*Material for this task:*
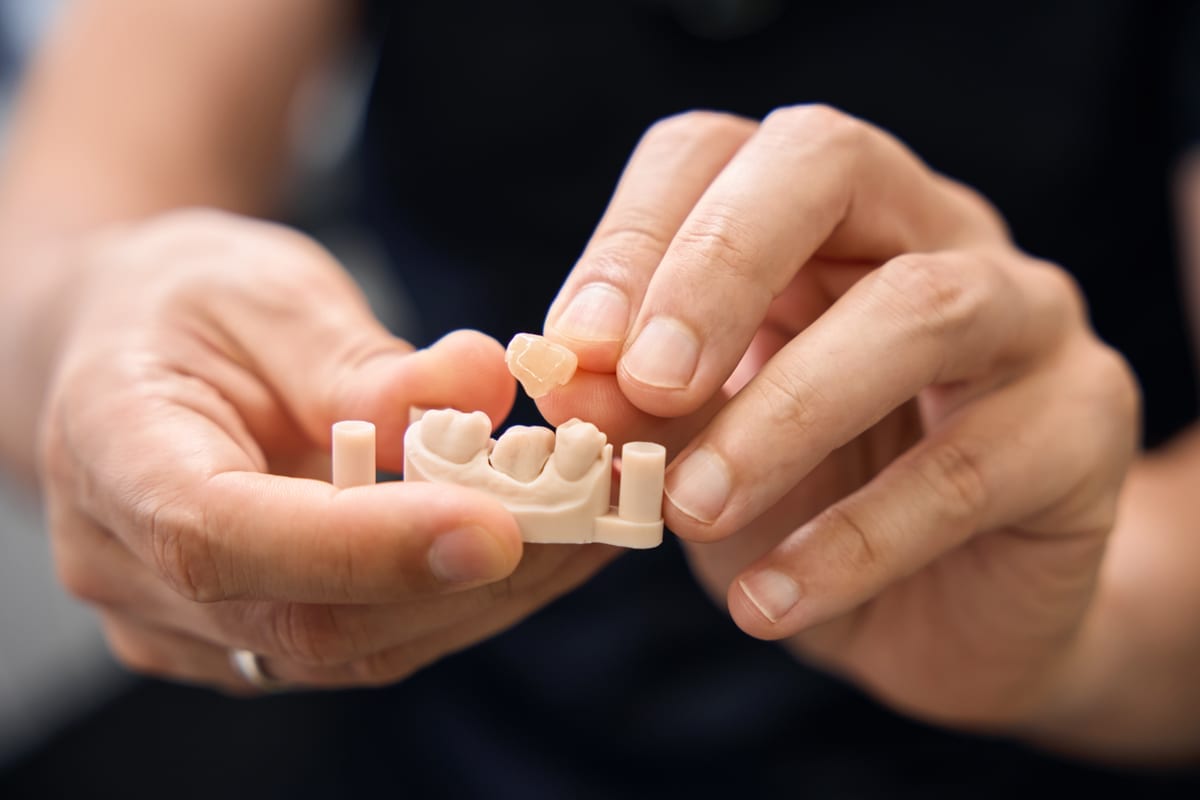 Dental Crowns in Cary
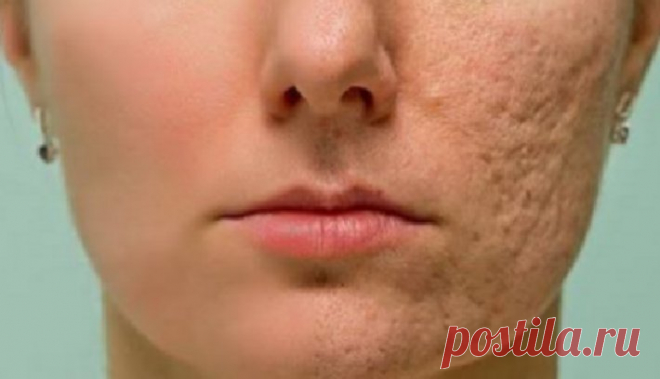 Все мечтают о светлой и чистой коже. Существует множество продуктов и методов лечения, которые часто не работают. Тем не менее, вместо этого, вы можете улучшить состояние кожи легкой естественной смесью, которая может устранить морщины, пятна и шрамы с вашего лица. Основным компонентом этого средства является мед, который улучшить состояние кожи, кроме различных других преимуществ для […]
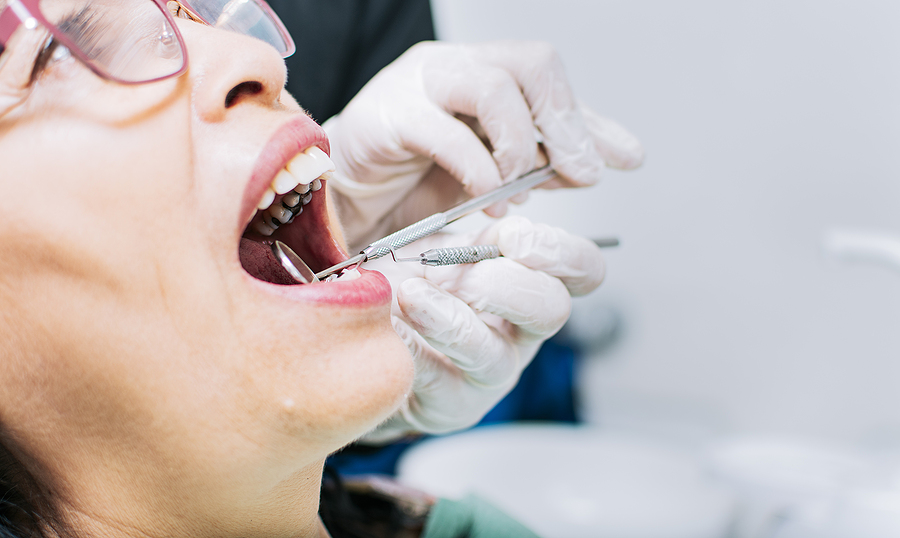 Hygienist checking patient's mouth, Close up of patient checked by dentist, close up of Hygienist's hands. 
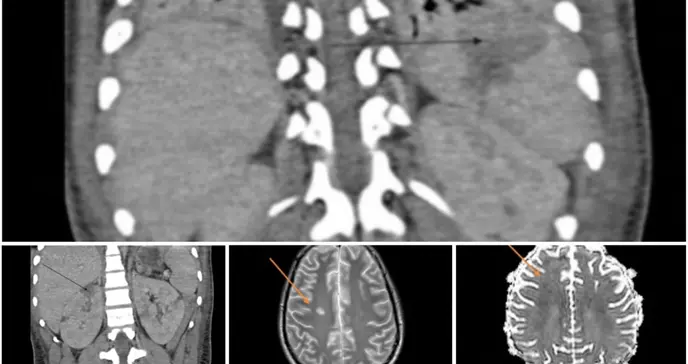 Síndrome inflamatorio multisistémico pos-COVID-19 en adolescente con miocardiopatía y lesión renal Síndrome inflamatorio multisistémico pos-COVID-19 en adolescente con miocardiopatía y lesión renal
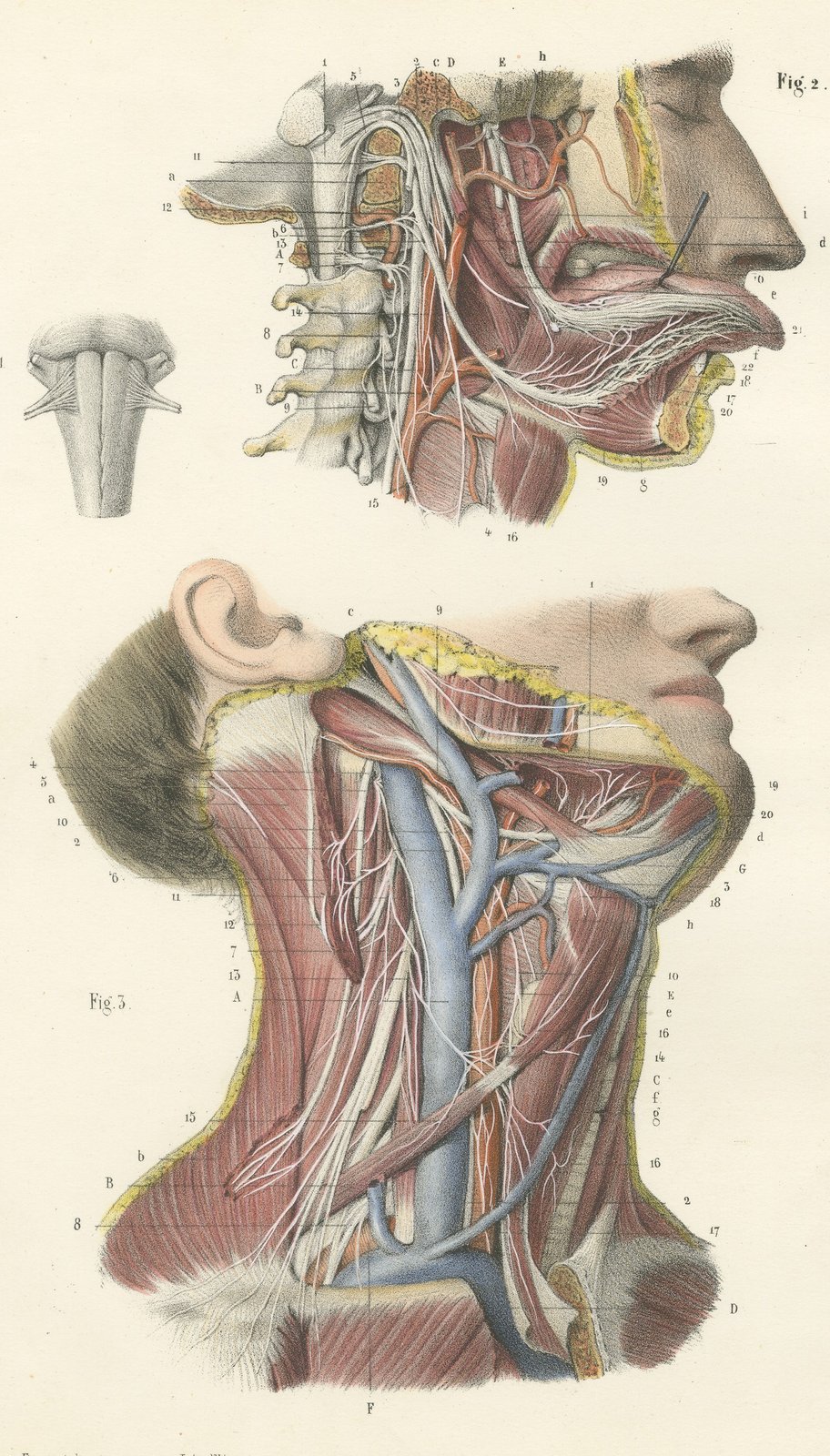 Nerves of the Neck, Antique Hirschfeld Anatomy Print, 1866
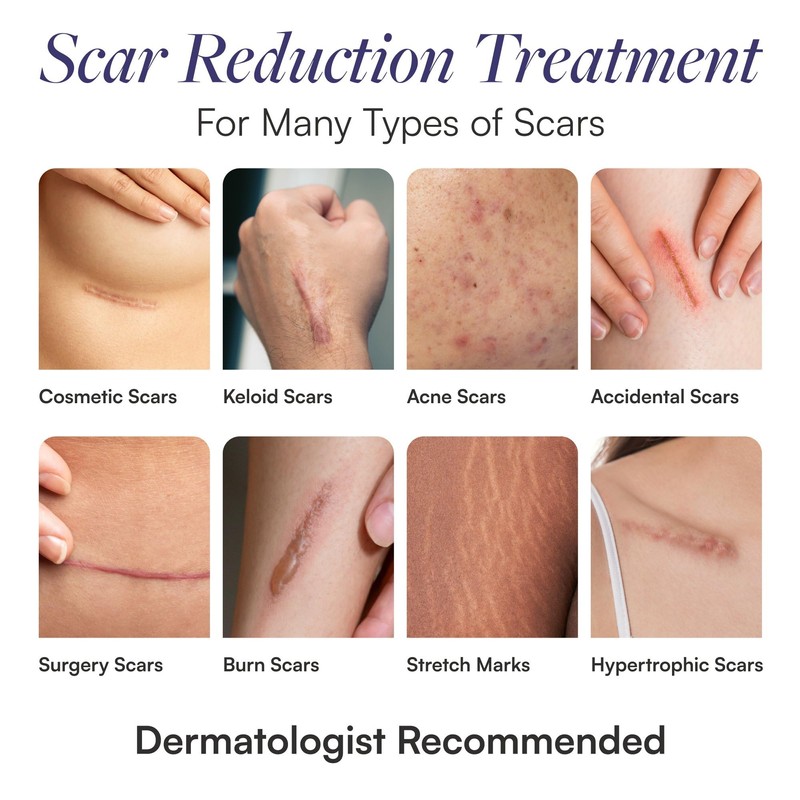 Scar Smart Scar Sheets - Scar Cream Strips for Surgical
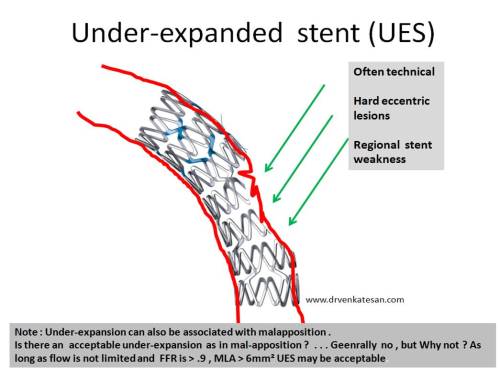 under-expanded-stent-vs-malapposition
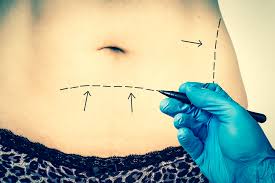 how much is a tummy tuck cost in year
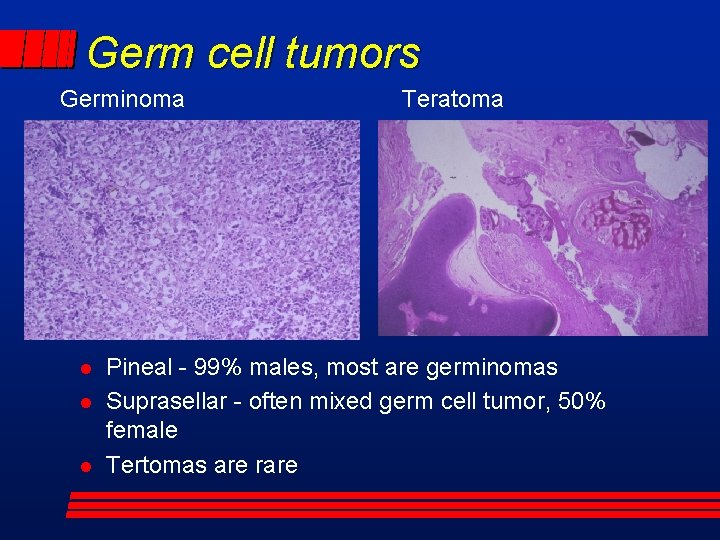Germ cell tumors Germinoma Teratoma Pineal - 99% males, most are germinomas Suprasellar -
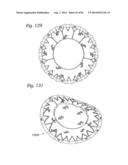 PROSTHETIC VALVE FOR REPLACING MITRAL VALVE diagram and image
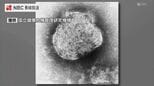 2026年2例目のはしか感染確認　発症前後の期間公共交通機関は利用せず　長崎市|TBS NEWS DIG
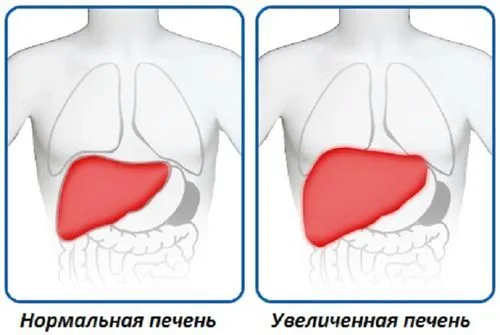 Збільшена печінка у дитини ніж лікувати печінку у дитини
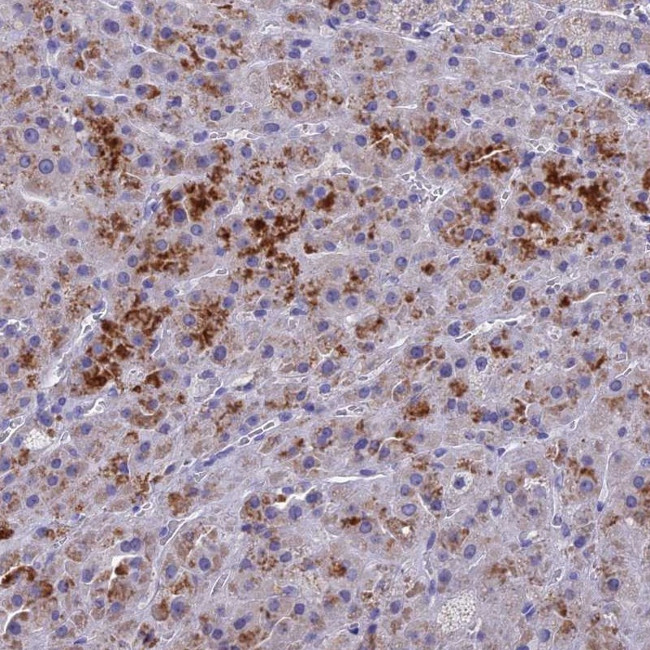 BTBD19 Antibody in Immunohistochemistry (Paraffin) (IHC (P))
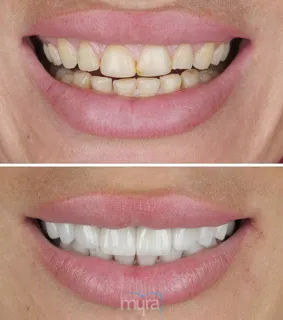 Teeth Turkey Pictures for grinded teeth and composite bonding done case with 20 laminete veneers as BL2 colour.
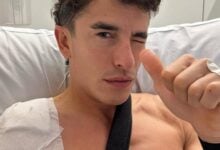 MDP marc marquez operado 1 Marc Márquez: Recuperación Positiva Tras Operación y Perspectivas para el MotoGP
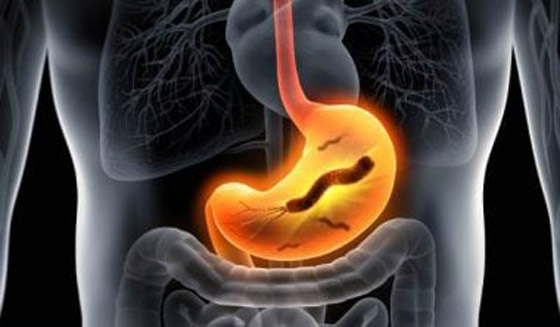 جرثومة المعدة.. أعراضها الصحية والنفسية وعلاجها بالأعشاب صورة رقم 7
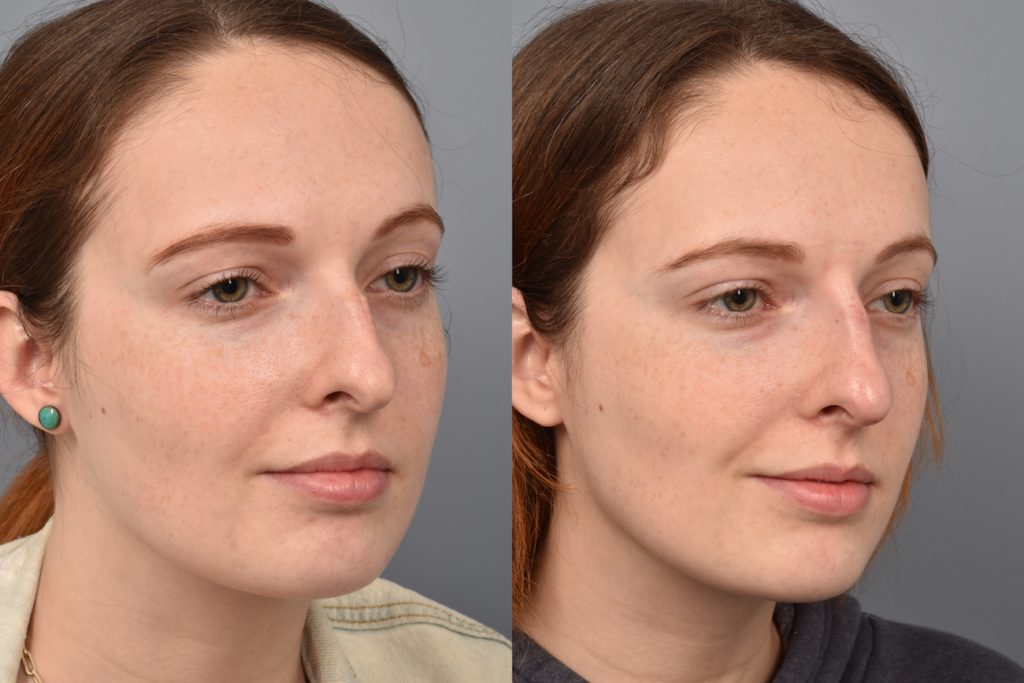 patient before and after non surgical rhinoplasty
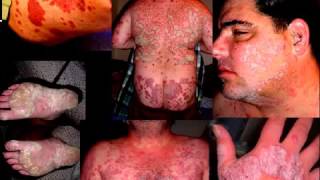 Stelara Side Effects Stelara causes drug induced psoriasis Biologic problems big Eng subtitles [upl. by Yddor]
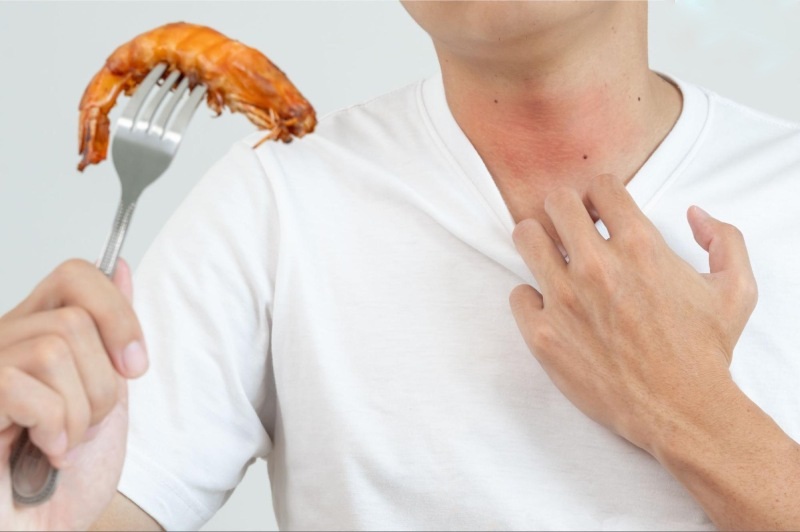 nổi mề đay dị ứng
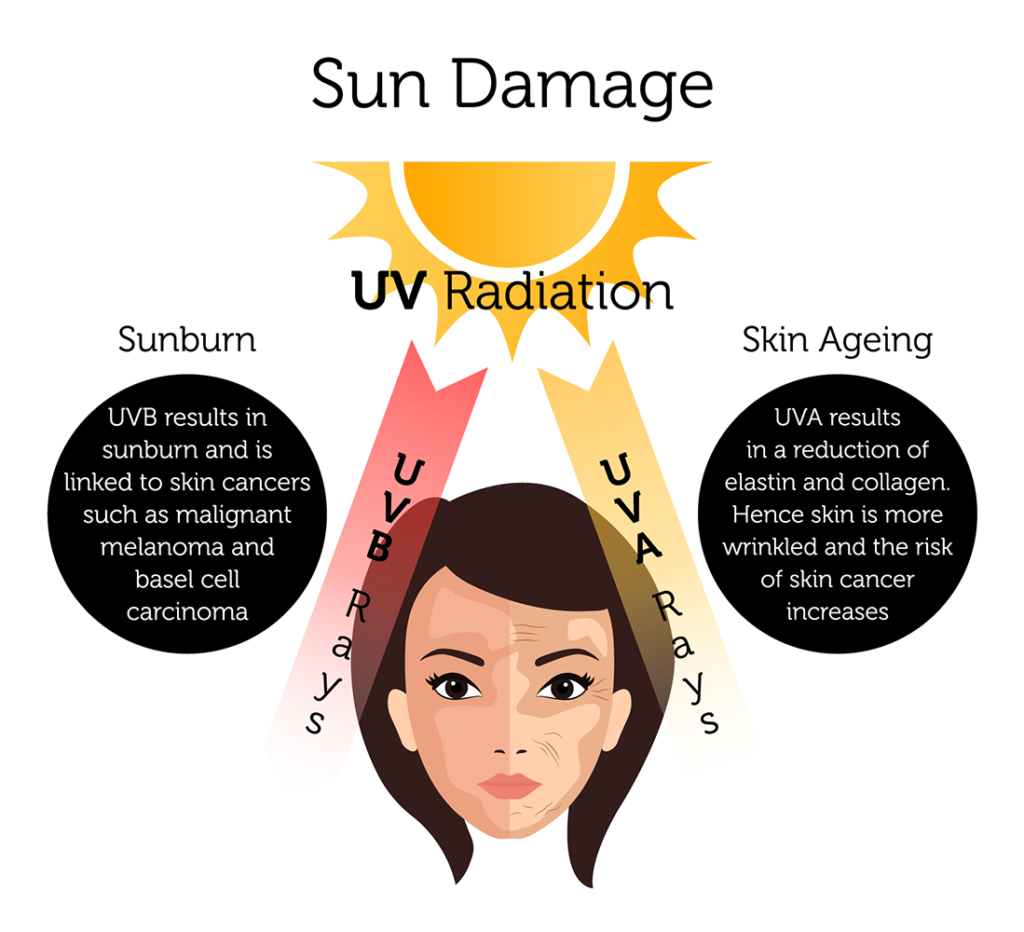Sun Damage & Photoaging Treatment in London Rejuvence Clinic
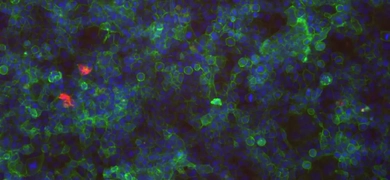 Fluorescent blue and green colon cells.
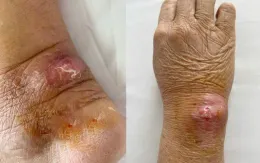 Nhiều người phải nhập viện do mèo cào, cắn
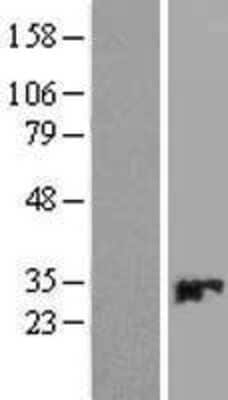 Western Blot: CMBL Overexpression Lysate [NBL1-09295]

*The task:*
Leaving out each picture, repeat exactly the lines above from the one that contains "BTBD19 Antibody in" through the one that contains "Teeth Turkey Pictures".

*Response to the exercise:*
 BTBD19 Antibody in Immunohistochemistry (Paraffin) (IHC (P))
 Teeth Turkey Pictures for grinded teeth and composite bonding done case with 20 laminete veneers as BL2 colour.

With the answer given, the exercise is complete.